▶ GIVEN DATA
◆ ◆ ◆ ◆ ◆
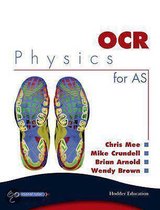 Ocr Physics For As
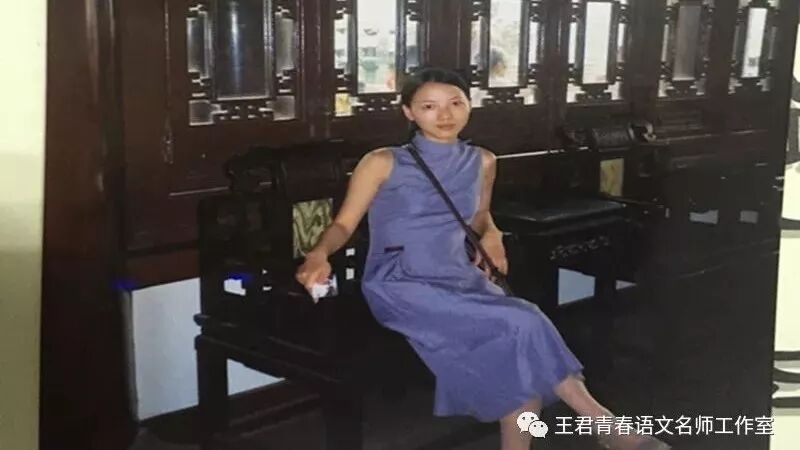 【青春语文•俞春霞“春霞读君姐”（三）】同课异构：《安恩与奶牛》（中）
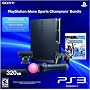 PlayStation 3 320GB Move Hardware Bundle by Sony Computer Entertainment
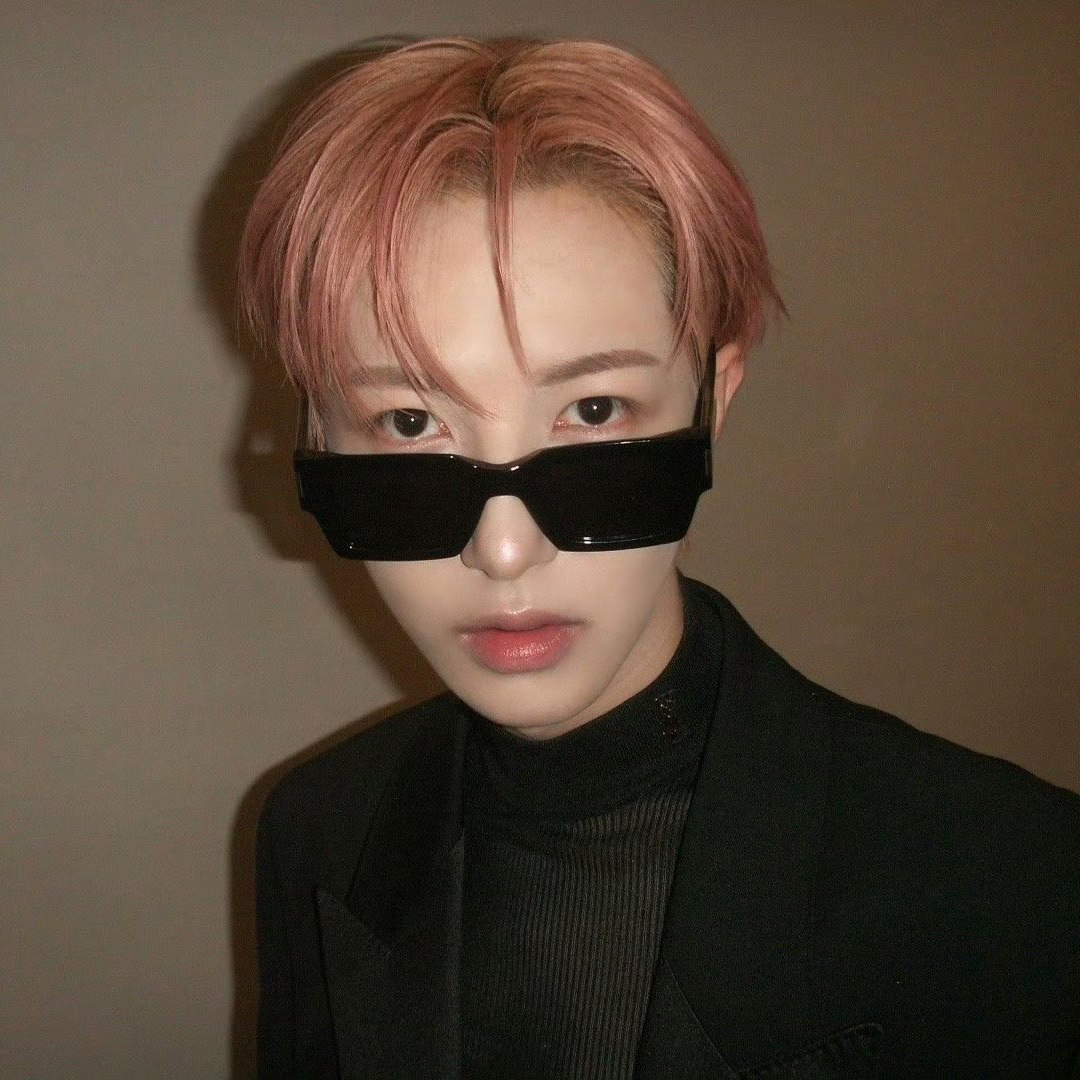 Behind-the-scenes cut of Renjun (NCT DREAM)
◆ ◆ ◆ ◆ ◆
▶ WORK TASK
Beginning with the line that holds "PlayStation 3 320GB", output each line to the end of the material above, exactly, omitting the pictures.

▶ ANSWER AREA
 PlayStation 3 320GB Move Hardware Bundle by Sony Computer Entertainment
 Behind-the-scenes cut of Renjun (NCT DREAM)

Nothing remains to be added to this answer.